I mean, I can agree that simple autocatalytic reactions can occur with chemistry based on other elements... but it's a stretch to say that suggests "alien life might not be carbon-based". Maybe very, very simple, life-like chemical systems, but life as we know it is defined by large, many-atom molecules, and no other element can do this the the way carbon can (not even silicon, whose bond energy decreases with catentation of more silicon atoms link, which, combined with it's poor ability to form multiple bonds ruins the possibility of silicon-based life). Anything that we can conceivably think of as "life" beyond simple self-reproducing chemical, or bizzare Boltzmann brain-esque systems will have carbon-based chemicals in it.
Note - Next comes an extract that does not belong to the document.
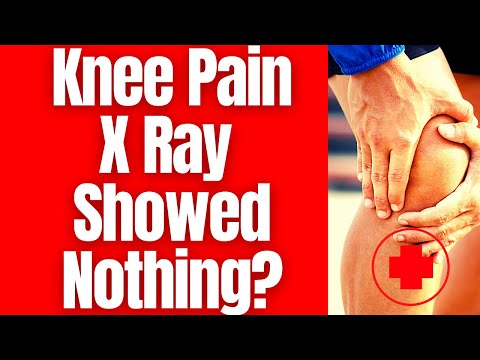 Knee Pain X Ray Showed Nothing✔️  www.EaseKneePain.com #kneepain #xray #kneexray #shorts #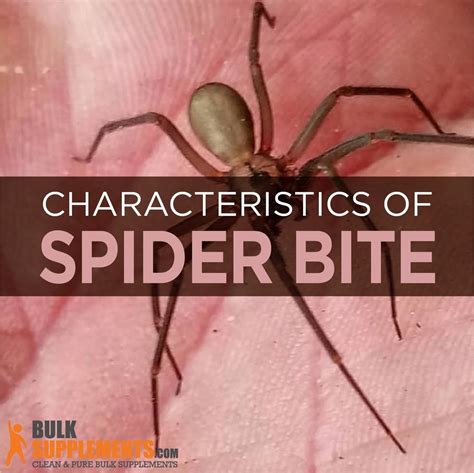 Spider Bite: Characteristics, Causes & Treatment | BulkSupplements.com | Spider bites, Spider ...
[โ€“] EssentialNPC@lemmy.world 5 points 1 year ago

Thank you! I was going to make this exact point. Autocatalytic reactions are assumed with good reason to be a necessary step on the way from non-life chemicals to life, but they are only one step. Carbon is the only element that can form the basis of the huge variety of chemicals needed for the simplest of life to evolve.

When I was an undergrad, I had professors who made completing arguments that live on other planets would not only be carbon-based, but that it likely would closely resemble life on Earth on molecular, microscopic, and macroscopic levels. Survival of the fit certainly depends upon the environment, but it also must comply with chemistry and physics. I am no expert in theoretical xenobiology, but it provides a strong and fact-based counter to the idea that alien life would by default be wildly different from life on Earth.